Em 2015, conseguiu-se apreender os cavalosnuma operação de nível nacional. Eles que se encontravam com um colecionador de arte da cidade de Bad Dürkheim, perto de Mannheim, no sudoeste da Alemanha. Até hoje não se sabe se as peças foram obtidas por vias legais ou não: as investigações foram encerradas pois o presumível crime prescrevera.

Somente em 2022, depois de uma longa batalha legal que se arrastou por anos, o colecionador se dispôs a abrir mão dos cavalos.

Brand publicou então um livro sobre a investigação policial, contendo "um mistério, a perseguição, personagens diferentes, simpatizantes do nazismo". Previsivelmente, Hollywood resolveu garantir os direitos cinematográficos do caso.

Projeto colossal para a "Alemanha de Hitler"

Originalmente, os cavalos de Thorak ficavam a poucos quilômetros de sua localização atual na Cidadela, mais especificamente no jardim da Chancelaria do Novo Reich de Adolf Hitler. As esculturas deveriam — segundo ideia do próprio ditador — decorar a "capital mundial Germânia", concebida por ele. "É possível identificar uma certa ideologia [nos cavalos]. Eles representam uma masculinidade especial: são garanhões, afinal. O pescoço é extremamente grande e forte, os músculos são completamente exagerados. A coisa toda irradia uma certa violência", descreve Urte Evert, chefe do Museu de História da Cidade da Cidadela de Spandau.

Ao lado de Arno Breker (1900-1991), Josef Thorak foi um dos mais importantes artistas de propaganda do regime nazista, tendo feito os famosos cavalos de bronze para Adolf Hitler na década de 1930. Há ainda outro cavalo, mas este não foi dado ao ditador: ele agora fica nas dependências de uma escola secundária no Lago Chiemsee, na Baviera. Na década de 1960, familiares de Thorak teriam usado a escultura para pagar as mensalidades escolares de um filho.

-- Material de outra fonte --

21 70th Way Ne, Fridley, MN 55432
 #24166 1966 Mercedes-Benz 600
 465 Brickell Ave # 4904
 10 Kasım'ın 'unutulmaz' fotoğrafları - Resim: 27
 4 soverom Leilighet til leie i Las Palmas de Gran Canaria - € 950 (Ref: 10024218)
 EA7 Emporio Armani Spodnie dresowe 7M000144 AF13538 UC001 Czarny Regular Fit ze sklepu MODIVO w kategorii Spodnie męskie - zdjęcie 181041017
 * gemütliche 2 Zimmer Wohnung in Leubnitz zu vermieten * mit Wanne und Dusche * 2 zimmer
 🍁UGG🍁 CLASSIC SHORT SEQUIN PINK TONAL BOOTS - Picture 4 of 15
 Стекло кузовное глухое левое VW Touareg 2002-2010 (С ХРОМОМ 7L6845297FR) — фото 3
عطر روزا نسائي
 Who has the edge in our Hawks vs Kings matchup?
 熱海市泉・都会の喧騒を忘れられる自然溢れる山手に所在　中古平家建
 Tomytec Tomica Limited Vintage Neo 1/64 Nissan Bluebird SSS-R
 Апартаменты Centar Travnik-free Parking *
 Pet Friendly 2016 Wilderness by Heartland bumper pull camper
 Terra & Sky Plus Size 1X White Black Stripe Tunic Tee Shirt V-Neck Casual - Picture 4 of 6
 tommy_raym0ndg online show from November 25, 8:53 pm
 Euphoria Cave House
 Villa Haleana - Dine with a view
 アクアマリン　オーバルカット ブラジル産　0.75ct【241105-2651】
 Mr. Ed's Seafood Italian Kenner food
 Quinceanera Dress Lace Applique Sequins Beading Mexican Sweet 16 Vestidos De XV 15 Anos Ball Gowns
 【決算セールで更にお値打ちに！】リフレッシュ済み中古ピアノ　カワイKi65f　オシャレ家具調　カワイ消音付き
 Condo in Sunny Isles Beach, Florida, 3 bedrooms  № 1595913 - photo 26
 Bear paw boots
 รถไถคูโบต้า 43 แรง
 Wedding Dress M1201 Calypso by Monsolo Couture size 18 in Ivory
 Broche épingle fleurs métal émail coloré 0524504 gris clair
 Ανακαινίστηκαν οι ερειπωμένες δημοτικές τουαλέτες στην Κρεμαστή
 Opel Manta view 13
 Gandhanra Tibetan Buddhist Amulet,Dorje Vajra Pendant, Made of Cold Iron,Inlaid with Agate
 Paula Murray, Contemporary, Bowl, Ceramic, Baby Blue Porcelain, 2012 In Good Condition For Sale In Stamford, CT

Por que os "cavalos de Hitler" são exibidos separados

Originalmente, ambos os cavalos de Thorak deveriam ser exibidos na mostra Bastion Queen, voltada para o acervo mantido no depósito da Cidadela, relata a diretora do museu, Urte Evert. Mas, embora obras de metal e pedra geralmente encontrem abrigo no local, um dos cavalos acabou indo parar na exposição permanente Revelados, na sala dedicada a obras de arte nazistas.

Assim, a separação espacial pretende evitar a impressão de que foi criado um museu dedicado aos "garanhões de Hitler". Além do cavalo, a sala abrange outras estátuas e bustos considerados problemáticos, com cada obra contando sua própria história.

Outras obras de arte polêmicas na Cidadela

O segundo garanhão está agora próximo a um busto de Hitler recém-encontrado. A escultura foi descoberta durante obras no centro de Berlim, não muito longe da Chancelaria Federal, e atribuída ao artista Josef Limburg (1874-1955). Acredita-se que ele a esculpiu em seu estúdio no bairro berlinense de Lichterfelde em 1937, mas não se sabe como a peça chegou ao local onde foi encontrada. O nariz pode ter sido perdido no final da Segunda Guerra Mundial, quando muitos retratos de Hitler foram destruídos.

Na exposição, também estão duas cabeças de mármore do ateliê de Arno Breker, assim como uma escultura de Arminius Hasemann (1888-1979). A história de sua Hockende N*, como foi batizada a estátua de uma mulher africana ajoelhada, de 1925, poderia render um livro próprio, especialmente seu final: a escultura foi pichada e decapitada em 2020, presumivelmente como parte dos protestos globais contra a violência policial sofrida pelo negro americano George Floyd, segundo a diretora do museu, Evert. Nessa altura, removê-la da paisagem urbana de Berlim pareceu a decisão mais acertada.

As obras de arte expostas na Cidadela de Spandau só podem ser vistas durante visitas guiadas e eventos especiais.